Gian-Luca Lardi, vicepresidente dell’Unione svizzera degli imprenditori, relativizza i dati: ‘Meno del 4% e non il 20% come si narra’

‘Ci vorrebbero più donne nei settori economici a prevalenza maschile’
(Ti-Press)

«Le aziende con una struttura salariale discriminatoria nei confronti delle donne sono un’eccezione e non la regola». Stando a Gian-Luca Lardi, vicepresidente dell’Unione svizzera degli imprenditori (Usi), «dai primi dati dell’analisi indipendente dei salari a cui le aziende con oltre 100 dipendenti devono sottoporsi per legge, emerge che le differenze salariali non spiegabili da fattori oggettivi sono molto inferiori a quanto afferma, per esempio, l’Ufficio federale per l’uguaglianza tra donna e uomo che stima questa differenza in 1’512 franchi di media al mese». «Per la prima volta disponiamo ora di cifre effettive, forniteci dai controlli salariali imposti dalla legge ai datori di lavoro, e questi mostrano differenze molto inferiori», continua Gian-Luca Lardi. Certo, rimanendo ai dati dell’Ufficio federale per l’uguaglianza che stimano il gap salariale del 20%, di cui circa la metà (45%) non è spiegabile, è comprensibile che le donne si indignino e la politica rivendichi dei correttivi. «Premetto che non c’è nessuna ragione per retribuire una donna con un salario inferiore a quello di un uomo per il solo fatto che appartenga a un altro genere. Ribadiamo che a parità di formazione, competenze ed esperienza deve corrispondere uguale salario. Questo è assodato. Il compito delle associazioni economiche è però anche quello di rendere attenta la politica e l’opinione pubblica che le cose non stanno così. Spesso ci troviamo di fronte a una narrazione politica che distorce la realtà. I risultati delle analisi effettuate da specialisti neutrali nelle aziende mostrano differenze salariali non spiegabili che ammontano in media a circa il 2-4% e non il 20% come sentiamo dire spesso. L’obiettivo, anche dell’Usi, è quello di azzerare questo divario», continua Lardi.

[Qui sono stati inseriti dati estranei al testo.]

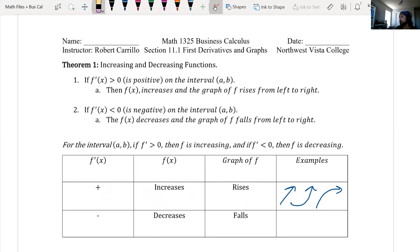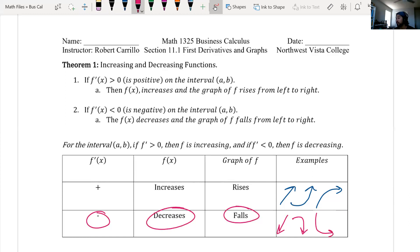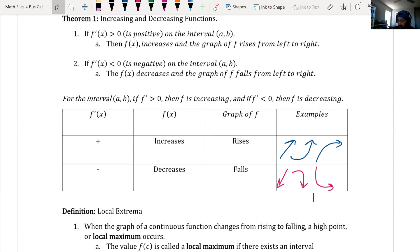Number two, if the derivative is negative on the interval (a, b), then the original function will decrease — it will fall from left to right. If the derivative is negative, the original function decreases and the graph will fall. Examples of a decreasing graph would be going down and to the left, curving down, or curving down and to the right. So if a derivative is positive or negative — remember, the derivative is slope — a positive slope increases, a negative slope decreases.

Come fare, allora? Gli interventi legislativi mirano anche a questo: a forzare un percorso. «I cambiamenti della società vanno già in questa direzione. La trasformazione del mercato del lavoro ha luogo, ma ci vuole tempo perché sono caratteristiche generazionali. Non credo però che ciò possa avvenire in modo coercitivo. Una cosa che lo Stato può fare è quella di incentivare sempre più giovani donne verso professioni tradizionalmente ‘maschili’ e viceversa. Spesso le differenze salariali nascono dal fatto che ci sono settori economici storicamente a prevalenza maschile o femminile. Bisognerebbe tentare di invertire questa situazione anche favorendo la conciliabilità tra famiglia e lavoro. Obiettivo che potrebbe essere raggiunto attraverso una collaborazione tra pubblico e privato principalmente nel settore degli asili nido, per esempio», conclude Lardi.